When I was about nine, rumors of tainted Halloween candy were everywhere. When seven people in Chicago died after taking cyanide laced Tylenol, parents were cautious about allowing their children to trick or treat.
Halloween wasn’t canceled in my town that year, but I remember attending a Halloween party, hosted by my grandmother, rather than trick or treating with my friends.
While my parents may have been erring on the side of caution back in the 80s, for parents of children with food allergies, Halloween and trick or treating can be a real nightmare.
According to the Food Allergy and Anaphylaxis Network (FAAN), as many as six million American children have food allergies. The most common allergies are to milk and dairy, tree nuts and peanuts, eggs, soy, and wheat. Allergic reactions can range from mild rashes and hives to wheezing and difficulty breathing. The most severe reactions can be life threatening.
According to FAAN, most children will outgrow these allergies by the time they are 10 years old. This, however, is not comforting for parents who have to be extra vigilant about what their child consumes, and Halloween presents a tricky situation.
If you know children with allergies, or just want to be a little more aware when passing out treats, there are a number of things you can do to help these kids have a safer Halloween. First, let the parents know that your candy and treats haven’t been cross-contaminated.
To a parent, cross contamination is the number one fear. If parents can read labels, they can determine which foods are safe. Foods of indeterminate origin are the “iffy” ones, so stick to pre-packaged treats.
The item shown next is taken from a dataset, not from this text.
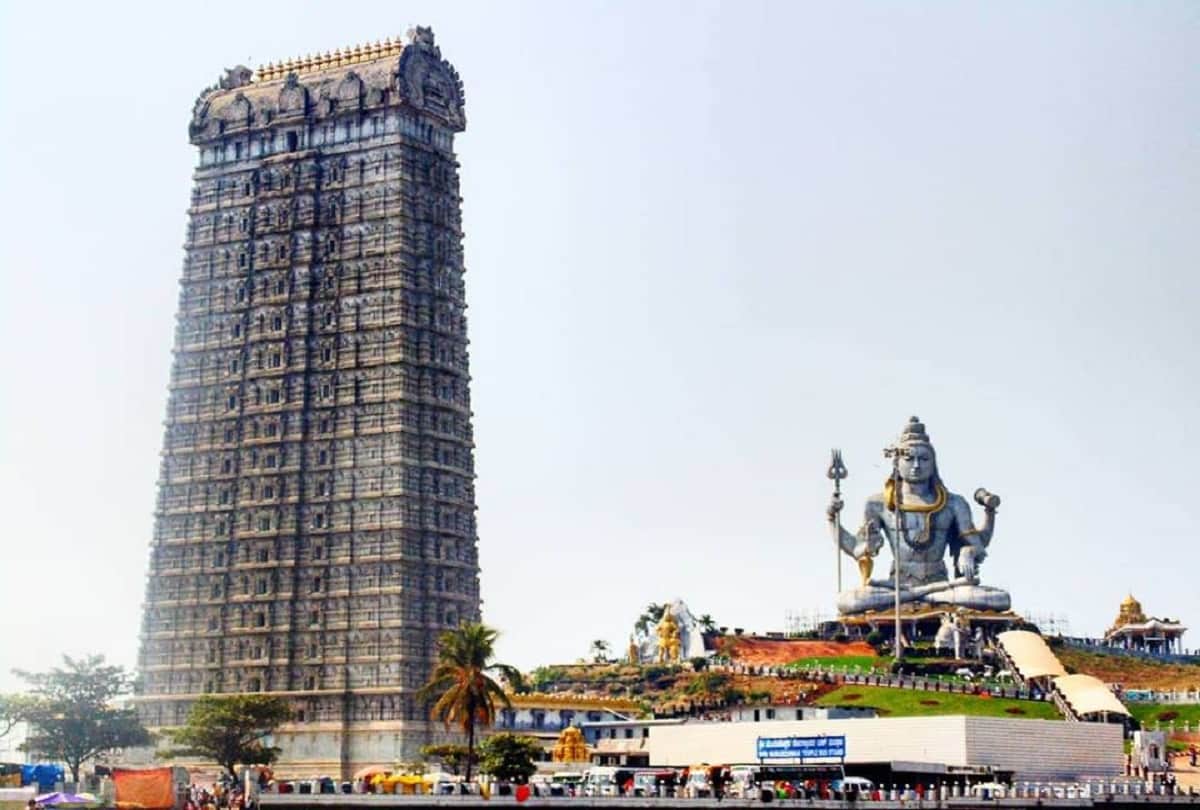 know about murudeshwar temple in karnataka which is famous for second tallest lord shiva statue in the world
Perusing the candy aisle (followed by a quick search on the Internet to confirm), I found that a number of Halloween favorites are free of many common allergens.
Jelly Belly Jelly Beans, Sweet Tarts, Tootsie Pops, Starbursts, Skittles, and Peeps are wheat and gluten free, peanut/tree nut free, dairy free, soy free and egg free. They are not, of course, sugar free. Stickers, temporary tattoos, crayons, and glow sticks are more fun than a toothbrush, and are definitely allergy free.
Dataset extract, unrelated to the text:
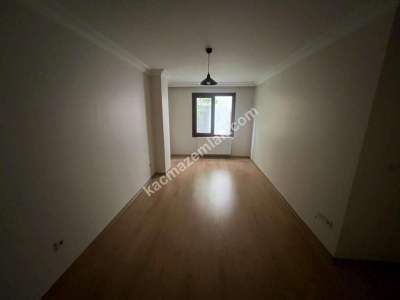 İdealtepe De Ayrı Mutfaklı Balkonlu 1.Kat 3+1 Daire 17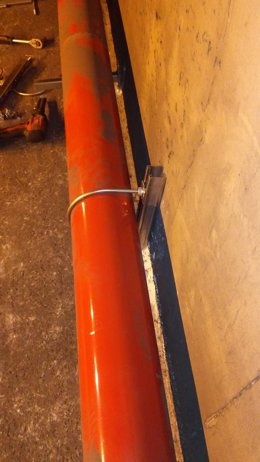 Nuevas abrazaderas de apoyo a la cañería que abastece el sistema antiincendios del Túnel de Sóller.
If your neighborhood is not particularly welcoming for trick or treaters, there are a number of alternatives, which will allow your ghosts, ghouls, pirates, and princesses to have a scarily good time.
For preschoolers, Mr. Will’s Annual Library Halloween parade is a Destin tradition, and I’m a little melancholy that we’ll miss it this year. I look forward to seeing the photos in The Log and on Facebook. While you are there, be sure to check out the beautiful fall gardens.
The Destin Garden Club has done a fantastic job landscaping the grounds and you may find some inspiration for your own Jack-o-Lantern.
Destin Commons’ Main Street Trick or Treating starts at 6 p.m. Pre-trick or treating activities begin at 4 and include face painting and creepy crafts by Abrakadoodle, and a costume contest.
You can trick or treat at The Village of Baytowne Wharf beginning at 6 p.m., with fireworks at 8. A number of local churches are hosting “trunk or treat” events in their parking lots that evening as well. All these alternatives to traditional trick or treating are well lit and safe places for kids and adults to go “Boo”!
Of course, Oct. 31 is the end of the Annual Fishing Rodeo, so spectators have a chance to see who tops the leaderboard. Come in costume and trick or treat at the shops and restaurants along the harbor boardwalk. There’ll be fireworks beginning at 8 p.m.
For those who are going to stay home and answer the door, “It’s the Great Pumpkin Charlie Brown” airs on ABC at 7 p.m.
Our Halloween plans are still up in the air. Alex and Harper are still deciding on costumes and with whom they want to trick or treat. For us, deciding between Perry the Platypus from Phineas and Ferb and a Yeti is the most important decisions we have to make.
However you decide to spend Oct. 31, please be safe.